If you were trying to be charitable or helpful, that may have been lost in translation. Perhaps you might be more effective in convincing us of your beliefs if you took a different strategy.

God bless

This is not about charity, but humor. :smiley:

You have stated your case.

In the context of Christ’s encounter, it’s because his desire was more for keeping his riches, then it was for following Christ.

I agree.

This appears to be a condition of election, don’t you agree?

If we choose the world over Christ we are at risk of losing salvation.

Since this difficulty is greater for a rich man, we can assume that all of us must need to make choices.

Either we respond to God’s grace or we reject it.

If Calvinism were true, it would not matter if a man was rich or poor, his salvation would be determined by factors other than his condition or behavior on earth.

Excellent point.

(although can I admit to laughing at Sandusky’s post… “he’s catholic” - that was a funny response)


True enough.

I think he meant what he said and wasn’t just trying to be funny. I can see the humor in what he said, but I’m not sure it’s something we should try to find funny. Issues of salvation are no laughing matter.

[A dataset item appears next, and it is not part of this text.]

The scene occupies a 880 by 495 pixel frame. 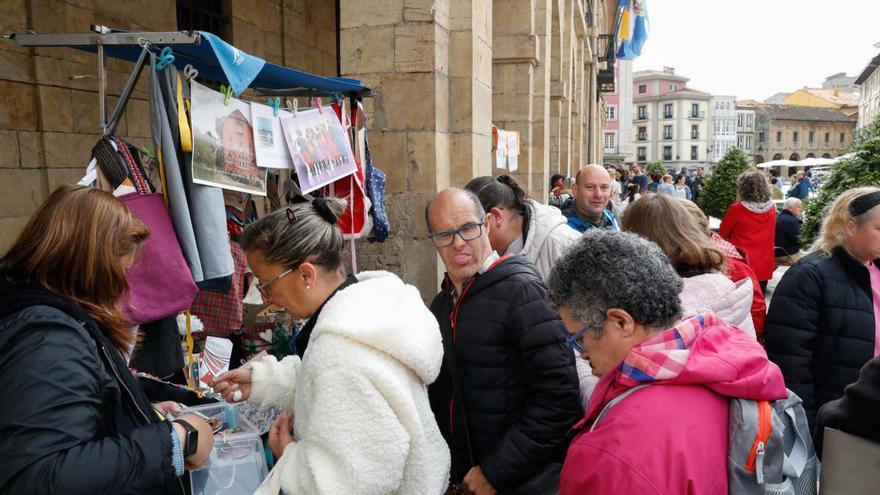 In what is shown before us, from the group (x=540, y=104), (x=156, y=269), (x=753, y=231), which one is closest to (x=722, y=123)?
(x=540, y=104)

This is something the Lord has been working with me on too. Somehow I don’t think God was amused.

Maybe I’m wrong?

With these words of yours, it makes me wonder about my finding the video on my post “Baby Got Book” funny. Let me know your thoughts, please!


God obviously isn’t prejudiced against one simply because they have money, so this doesn’t apply simply and exclusively to all who have material wealth. The man who puts materialism above God, will have a hard time pleasing God, and fulfilling the requirements Christ laid out on which all the law and prophets were based. A camel can’t let his hump down to go through a small opening in the wall, and so someone who is attached to material things above God won’t detach, be humble and love God above all. You don’t have to have great material wealth to have this wrong priority, as it can be anyone. Someone who has little can hold it above God. Someone who has a lot of material wealth can count it as nothing compared to God, and still seek Him first, loving Him above all, listening to His Word as it was intended, and contributing toward feeding the hungry, clothing the naked, etc.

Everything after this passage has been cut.